KNCA stated, “We have reached a conclusion that there is no need to sit face-to-face with the South Korean authorities and there is no issue to discuss with them, as they have only aroused our dismay.” Kim Jong-un’s sister Kim Yo-jong had issued a threat recently to shut the liaison office if the South did not stop the defectors from sending leaflets into their territory.

She said the balloon launching violated the peace act made during the 2018 Panmunjom summit.

 

 

SCMP quoted KCNA saying, “This was a sign of hostility to all our people. We have reached a conclusion that there is no need to sit face to face with the South Korean authorities and there is no issue to discuss with them, as they have only aroused our dismay.”

A meeting between Central Committee vice chairman Kim Yong-chol and Kim Yo-jong reviewed the ties between the two Koreas and decided to sever the ties. “They discussed phased plans for the work against the enemy to make the betrayers and riff-raff pay for their crimes, and then, to begin with, gave an instruction to completely cut off all the communication and liaison lines between the North and the south,” stated KCNA.

The move to cut off communication channels follows South Korea’s ruling Democratic Party’s plan to bring in a legislation to curb the balloon campaigns.

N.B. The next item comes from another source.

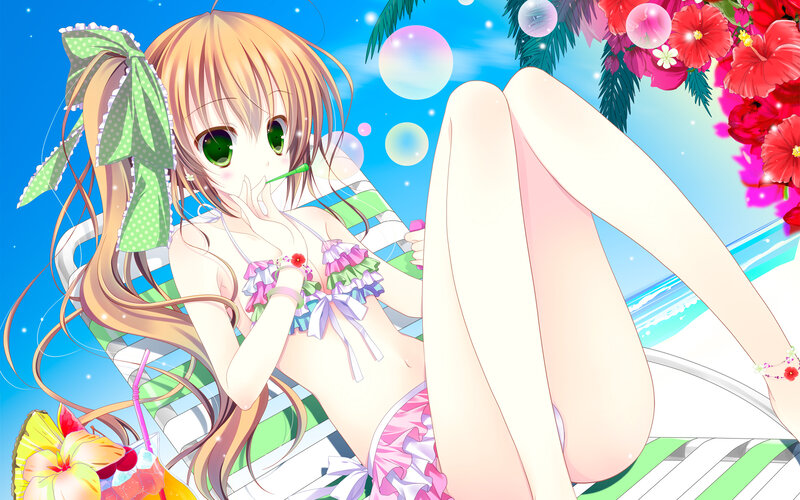 Anime Girl in Bikini — Blue, Relaxed, Summer, Beach Chair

The party in April this year nearly got two-thirds of majority in the 300-seat parliament in the general elections.

The defectors in the South float balloons to the North carrying critical messages of the Juche regime. Occasionally, they are tied with supplies so that people in the North could be lured to pick them. Most North Koreans can’t use the Internet and receive news feeds from the state-controlled media.

There were signs of improvement in the bilateral ties between the two countries in 2018 as their leaders met thrice. Such meetings between top-level leadership had not happened for over a decade. However, North Korea had not maintained much contact with its counterpart following the failure of a summit over the nuclear issue between Kim and US President Donald Trump in Hanoi last year.

The SCMP quoted ICNK Centre at Kyungnam University director Professor Lim Eul-Chul, as saying: “For North Korea, the release of anti-Pyongyang leaflets is a sign of the South regarding the North as its enemy, and the North is now declaring it will consider the South as the enemy in response."

"This means the North would not avoid armed clashes with the South at the worst-case scenario,” he added.

Expecting the standoff to continue for some time, Institute for National Security Strategy analyst Kim In-tae said, “This has made it more difficult for diplomacy to work. Tensions between the two sides are feared to last long.”

University of North Korean Studies Professor Yang Moo-jin said, “The South Korean government is expected to move faster in pushing the bill through parliament and the North would eventually respond positively.”